Some of my family also developed an uncanny ability to detect lies, but I focused on disguises and misdirection. That meant our skills would complement each other nicely. In my head, I considered the going rate for assassinations and added a surcharge for the “lightning mage” part. Anywhere from six to eight coin should do.

But when I raised the issue of pay, Ash responded, “Cortland, as I’m sure you’re well aware, is low on cash. He has offered me – that is, us – a nice passenger car in the Old Rail Yard to use as a hideout. I’ve looked at it already. It has compartments that we can turn into bedrooms, plus a dining area that we can use as a common room. What do you think?”

I thought it sounded significantly less attractive than hard coin. “How long, exactly, will he let us use this railcar?”

“Oh, call it not a simple, humble ‘railcar,’ dearest Isha! For it is home! Sweet, sweet home in all its glory! With its raggedy carpeting and moth-ridden compartments and broken windows – ”

“Indefinitely.” Ash cut off Faith’s audition for Spiregarden Theater’s latest melodrama. “It’s ours for as long as we want it.”

All things considered, it wasn’t such a bad deal. If I moved out of my flat, I wouldn’t need to worry about rent anymore, and while Coalridge wasn’t any nicer than Crow’s Foot, at least it didn’t have all-out gang warfare all the time. “I’ll have to take a look at the railcar myself, but for now let’s say I’m in.”

“A toast, then! A toast to – ” Faith began.

“There’s one more thing,” Ash said flatly. Lowering his voice a little, he leaned forward across the table to address both of us. “I’ll need one-on-one time with the target. Before he dies, that is.”

Faith looked as if she couldn’t care less.

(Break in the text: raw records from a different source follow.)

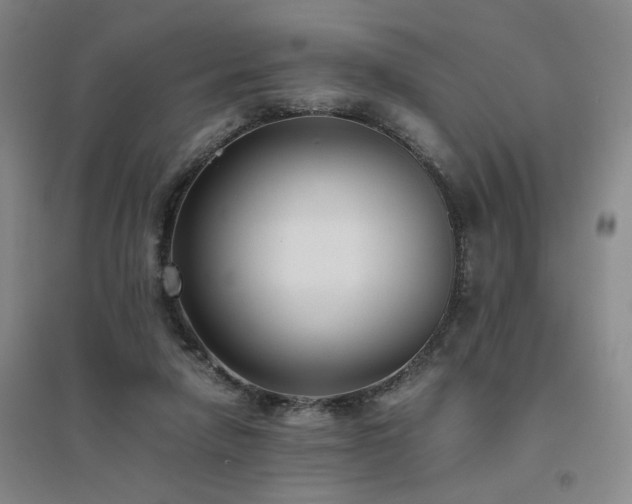 X0000094800258200711161505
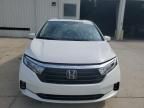 2024 Honda Odyssey EXL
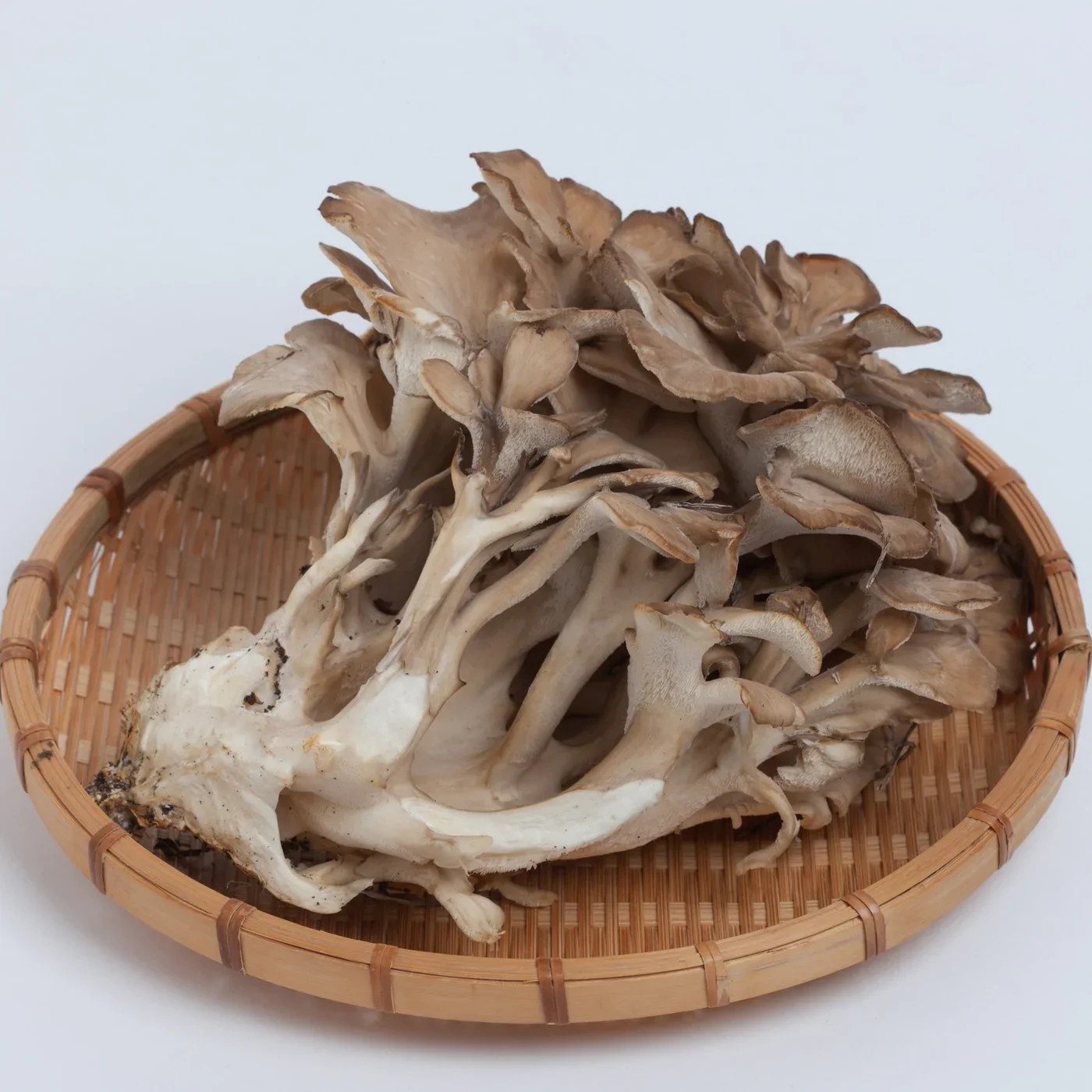 maitake-cropped-square_e7e55156-c612-4dee-b0af-77743b6e635b.jpg.webp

“Why, exactly?” I asked suspiciously.

“Oh, you know. One shouldn’t allow life to be wasted,” Ash explained vaguely, waving his fork as if to illustrate the vagaries of death and assassination. The movement rucked up his sleeve and exposed an inch of skin between his glove and sleeve.

The skin was pitch black.

I dropped my spoon and reached for my sword.

“Where did you say you’re from?” I hissed.

“Why, he’s from Tycheros, of course! Land of the demon spawn!” supplied Faith the helpful, lazily tilting her chair back from the table.

Demon. I gripped the hilt and prepared to draw my sword.

“Why, darling, one might think you’re a racist! And after I recommended you so highly too! You disappoint me, really you do!”

Both Ash and I ignored Faith.

“To be more precise,” Ash enunciated, “my family immigrated from Tycheros to Doskvol two years ago. And yes, my right arm is pitch black up the elbow, but the rest of me is albino. That is my demon telltale.” As if challenging me to act fair minded, he inquired slowly and clearly, “Is my heritage going to be a problem?”

Well, yes. The man was part demon.

“Isha,” Faith reproached me, “I know he’s a demon, but as someone from Iruvia, you can’t just stab him like that!”

I winced a little. Each of U’Duasha’s four noble houses drew its celestial mandate from a Demon Prince. House Anixis, for example, claimed to speak for Ixis, the Prince of Shadows, and served his will by running Iruvia’s spy network. Faith’s accusation made me sound like the worst kind of hypocrite, and she wasn’t even finished yet.

“Actually, on a second thought, I’ll bet Ashie does demonic stuff aaaaaallll the time! Ashie, go on, tell her about that time you kidnapped a baby – no, thirteen babies! – and brought them to the upside-down altar and – ”

I hadn’t yet broken my stare. “Is whatever ritual you plan to perform on the target demonic in nature?”

Ash answered immediately and, as far as I could tell, honestly. “No. The reason I need one-on-one time with the target has nothing to do with anything demonic.”

Sighing in relief, I released the hilt and picked up my spoon again. “I guess that’s all right, then.” I proffered a shaky, olive-branch of a smile.

Ash returned it. “Want to go see the railcar?”